Fixed Point Iteration $x^3 - 3 = 0$

I am having trouble solving $$x^3 - 3 = 0$$ using the fixed point iteration method.

It is advised in the problem to put $$g(x)$$ in a form similar to $$g(x) = x + c(x^2 - 5)$$ for $$x^2 - 5 = 0$$ but I am not sure what value for c I should employ in this question.

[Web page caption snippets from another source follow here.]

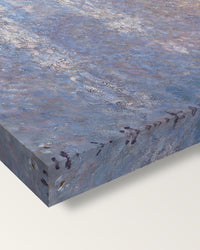 Rouen Cathedral, Morning by Claude Monet on stretched canvas, corner close-up: the painting mirror-wrapped round the sides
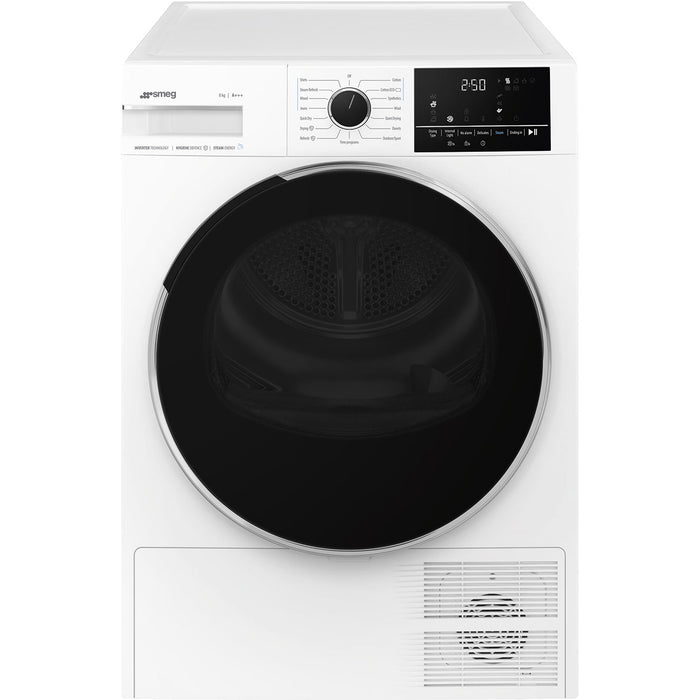 60cm Heat pump condenser Free-standing tumble dryer, White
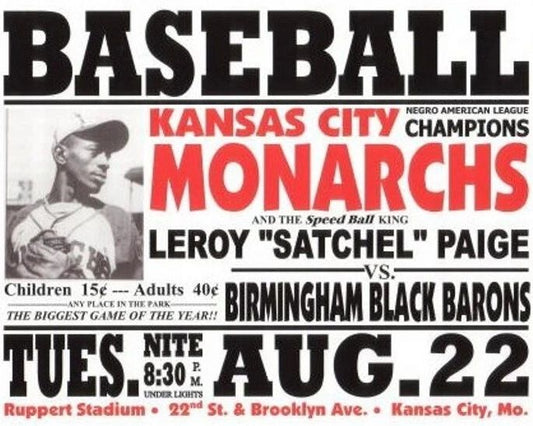 Kansas City Monarchs Vs Birmingham Black Barons Photo Baseball Negro League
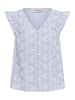 Cream Ärmellose Bluse CRAmmeli Regular fit in Blue White Stripe w. Flowers
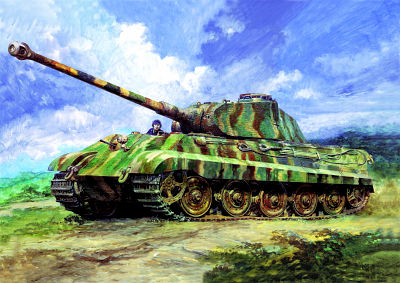 Trumpeter 00907 1/16 German Pz.KpfwVI Tiger AusfB Sd.Kfz182 King Tiger.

• In fixed-point iteration method for $g$, the method converges if $|g'(x)|\le 1$. Now using this fact choose your $c$. – Sujit Bhattacharyya Mar 9 at 14:22
• That's what I am unsure of. Approaching it like that I arrive at $\frac{-2}{6.24}\ < c < 0$ this doesn't seem right? – number8 Mar 9 at 15:48
Your goal is to solve the non-linear equation using the functional iteration $$x_{n+1} = g(x_n)$$ for some suitable value of $$x_0$$. To that end you require a function $$g$$ for which $$g(z) = z$$ if and only if $$z^3 = 3$$. Moreover, local convergence is ensured provided $$|g'(z)| < 1$$. Your textbook suggest functions of the type $$g(x) = x + c(x^3-3),$$ for some $$c \not =0$$. It is clear that $$g(z)=z$$ if and only if $$z^3-3 = 0$$, so there is at least a glimmer of hope. In general, the derivative of $$g$$ is $$g'(x) = 1 + 3 c x^2,$$ but we care mainly for the specific value $$g'(z)$$, where $$z = 3^{\frac{1}{3}}$$. The inequalities $$-1 < g'(z) = 1 + c \cdot 3^{\frac{5}{3}} < 1$$ will secure local convergence. Equivalently, $$-2\cdot3^{-\frac{5}{3}} < c <0 .$$ Not all values of $$c$$ are equally good and a bad choice will reduce your choices for $$x_0$$, but this is perhaps a subject for another question.